● **EXERCISE**
Would you restate each line of the data below word for word, without its pictures?

= Beginning of Section =

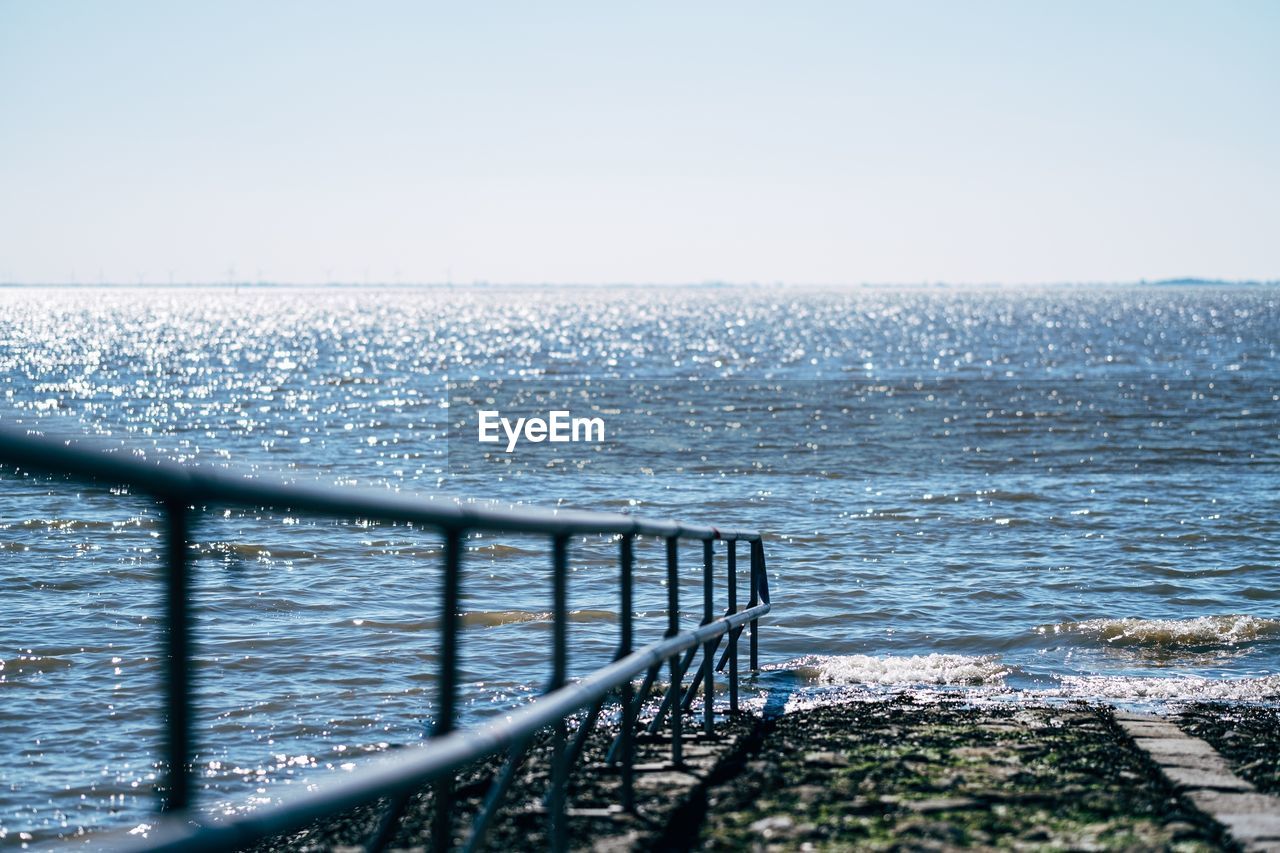 Handrail leading to the sea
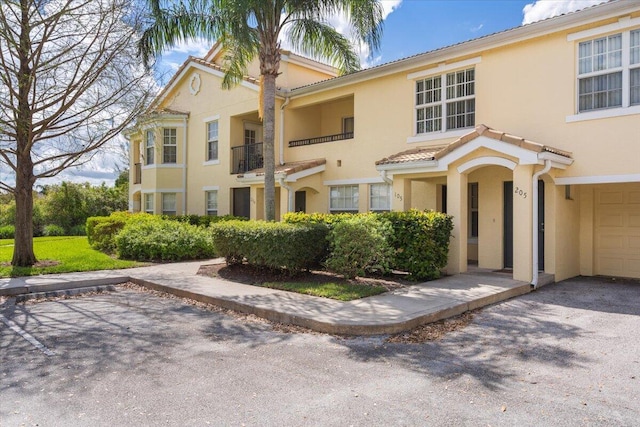 view of front of home with a tiled roof and stucco siding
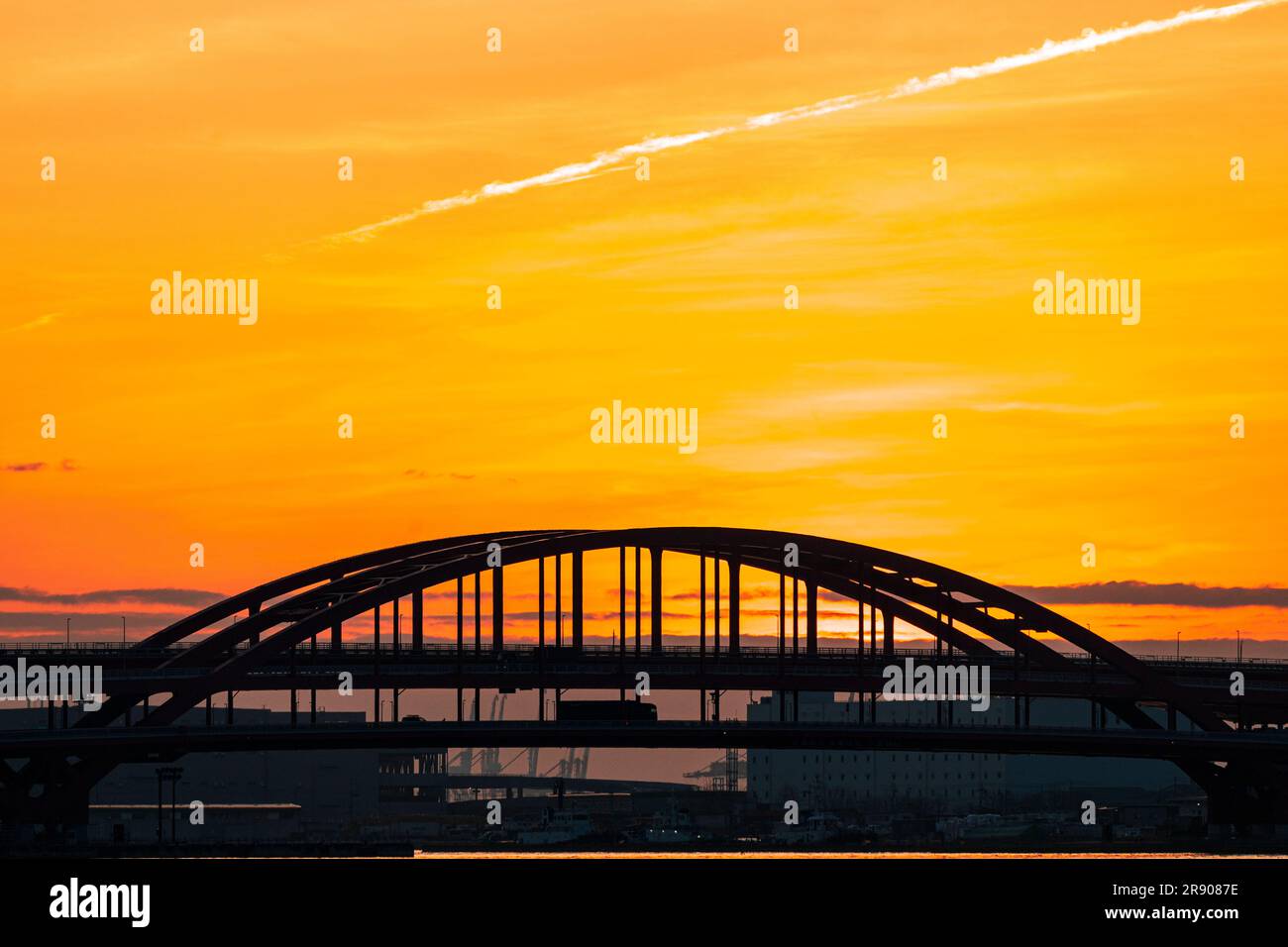 A vivid orange dawn sky behind the silhouette of the doubledeck arched Kobe Bridge connecting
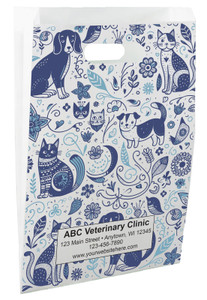 White die-cut handle paper bag featuring blue doodle-style dogs, cats, birds, flowers, leaves, hearts, and botanical illustrations in a full-coverage pattern.


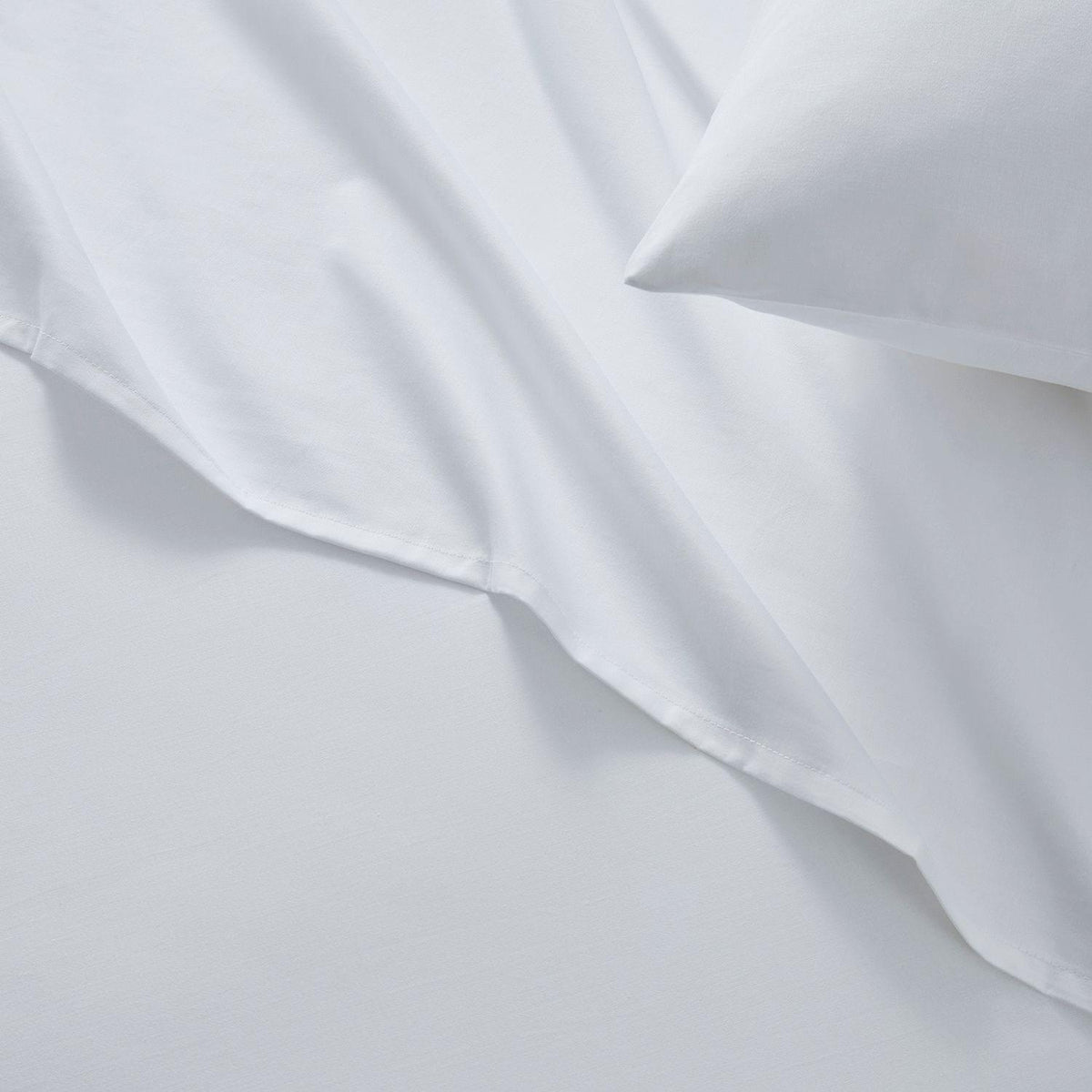 Close-up of white fabric with folds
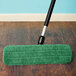 A Lavex green microfiber mop pad attached to a mop on a wood floor.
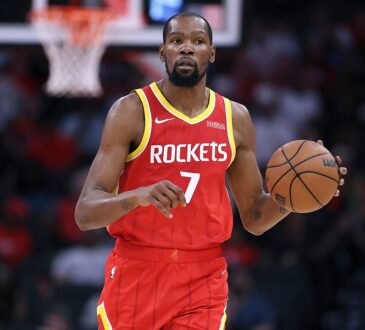 Houston Rockets forward Kevin Durant dribbles the ball with his left hand while bringing it up the court.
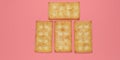 Five biscuits overlapped against a pink background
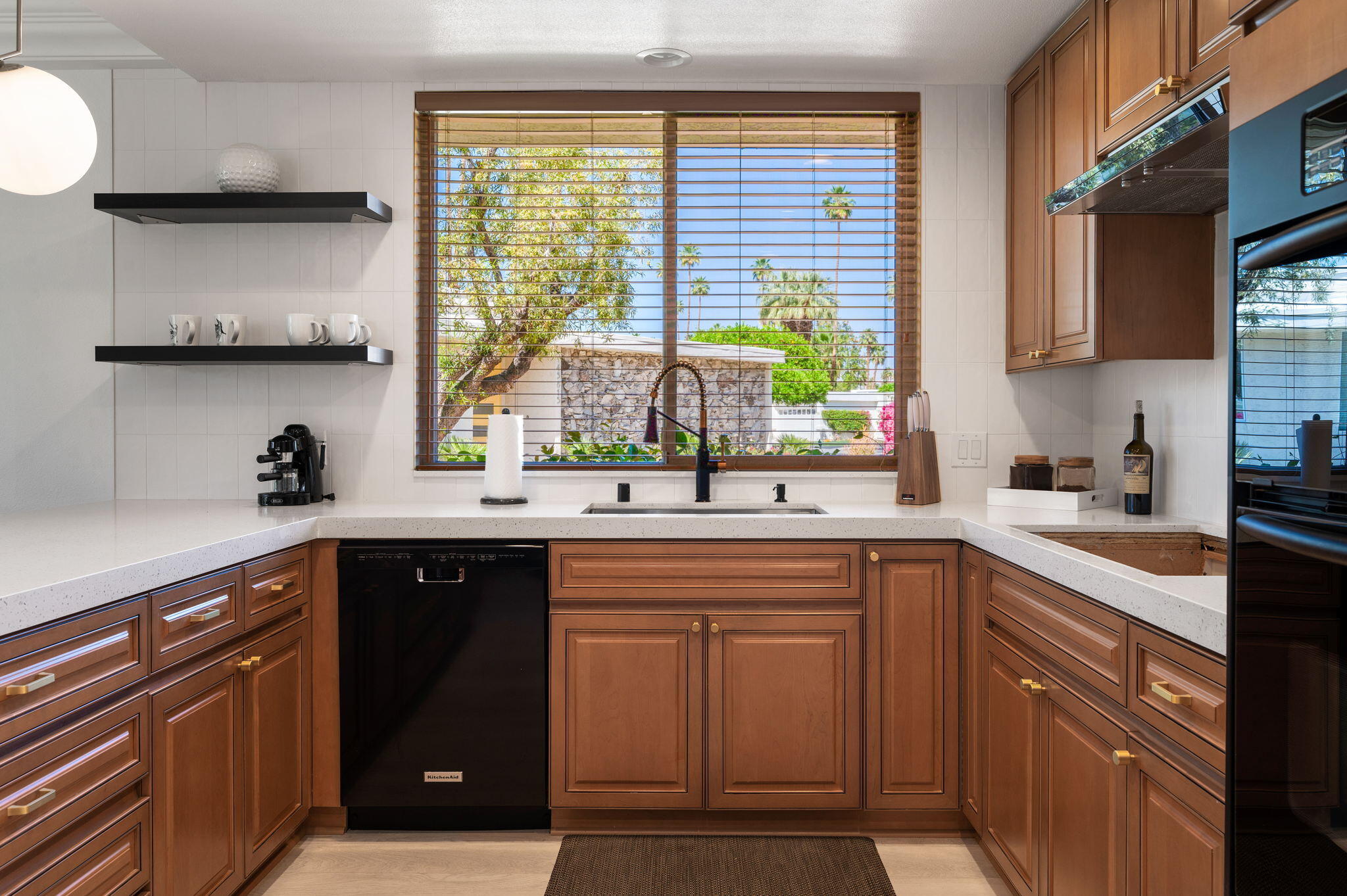 45835 Pawnee Road Indian Wells, CA 92210 - Photo 15 of 46 a kitchen with stainless steel appliances a sink stove and cabinets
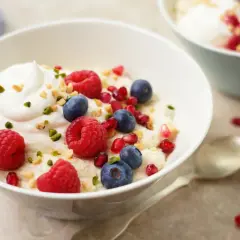 Veganes Grießbrei-Dessert mit frischen Himbeeren, Blaubeeren, Granatapfelkernen und gehackten Nüssen, garniert mit einem Klecks veganer Sahne.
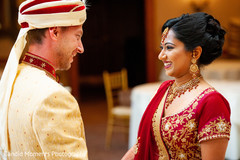 Indian bride and groom's romantic first look moment Indian bride and groom's romantic first look moment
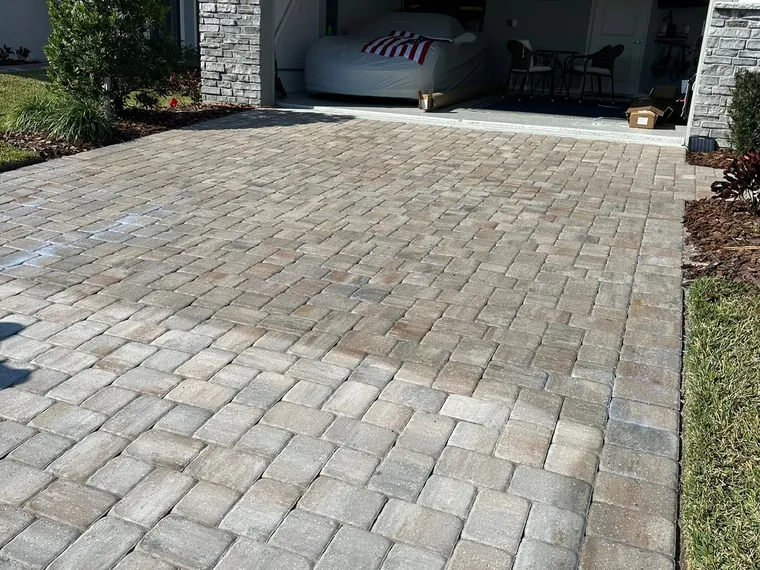 Sealed paver driveway running up to an open garage on a home with stone accent columns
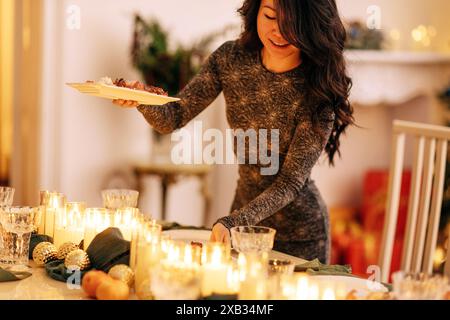 Ein attraktives junges asiatisches Mädchen stellt einen festlichen Tisch mit Neujahrsdekoration und beleuchteten Kerzen. Eine charmante lächelnde Frau in einem eleganten Kleid hält einen Stockfoto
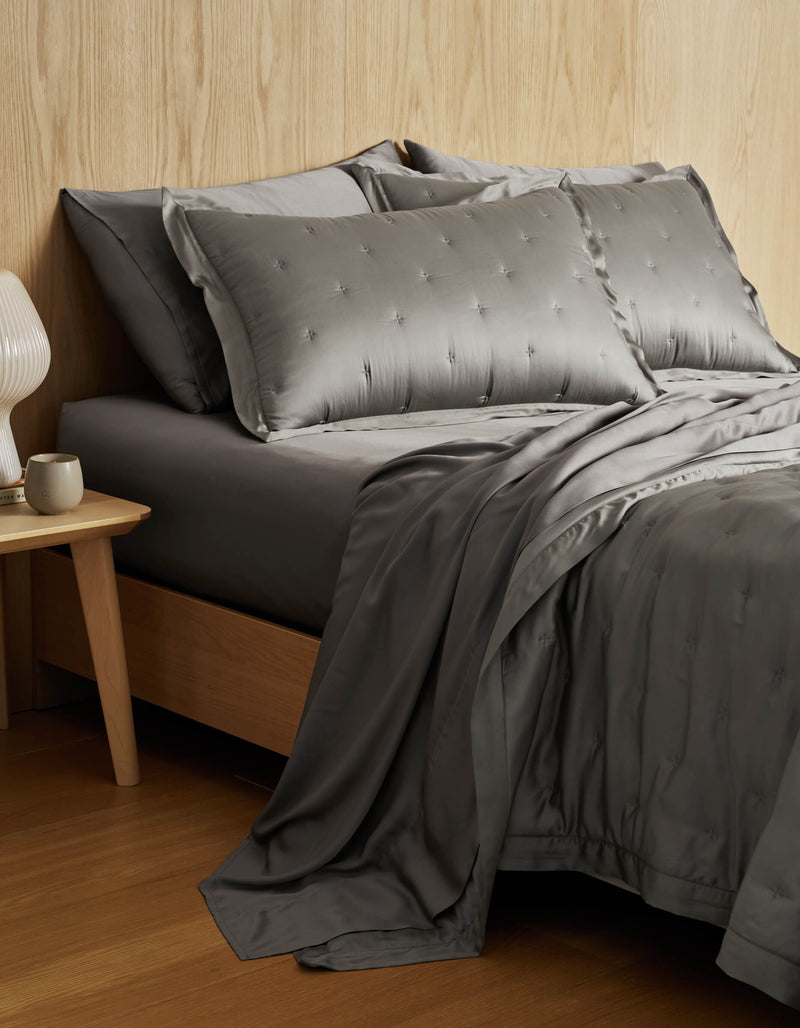 A neatly made bed features the Cozy Earth Bamboo Quilt Bundle—gray, silky bedding with embroidered pillows—beside a wooden nightstand holding a white lamp and mug, set against a light wood-paneled wall.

= End of Section =

● **WRITTEN REPLY**
 Handrail leading to the sea
 view of front of home with a tiled roof and stucco siding
 A vivid orange dawn sky behind the silhouette of the doubledeck arched Kobe Bridge connecting
 White die-cut handle paper bag featuring blue doodle-style dogs, cats, birds, flowers, leaves, hearts, and botanical illustrations in a full-coverage pattern.


 Close-up of white fabric with folds
 A Lavex green microfiber mop pad attached to a mop on a wood floor.
 Houston Rockets forward Kevin Durant dribbles the ball with his left hand while bringing it up the court.
 Five biscuits overlapped against a pink background
 45835 Pawnee Road Indian Wells, CA 92210 - Photo 15 of 46 a kitchen with stainless steel appliances a sink stove and cabinets
 Veganes Grießbrei-Dessert mit frischen Himbeeren, Blaubeeren, Granatapfelkernen und gehackten Nüssen, garniert mit einem Klecks veganer Sahne.
 Indian bride and groom's romantic first look moment Indian bride and groom's romantic first look moment
 Sealed paver driveway running up to an open garage on a home with stone accent columns
 Ein attraktives junges asiatisches Mädchen stellt einen festlichen Tisch mit Neujahrsdekoration und beleuchteten Kerzen. Eine charmante lächelnde Frau in einem eleganten Kleid hält einen Stockfoto
 A neatly made bed features the Cozy Earth Bamboo Quilt Bundle—gray, silky bedding with embroidered pillows—beside a wooden nightstand holding a white lamp and mug, set against a light wood-paneled wall.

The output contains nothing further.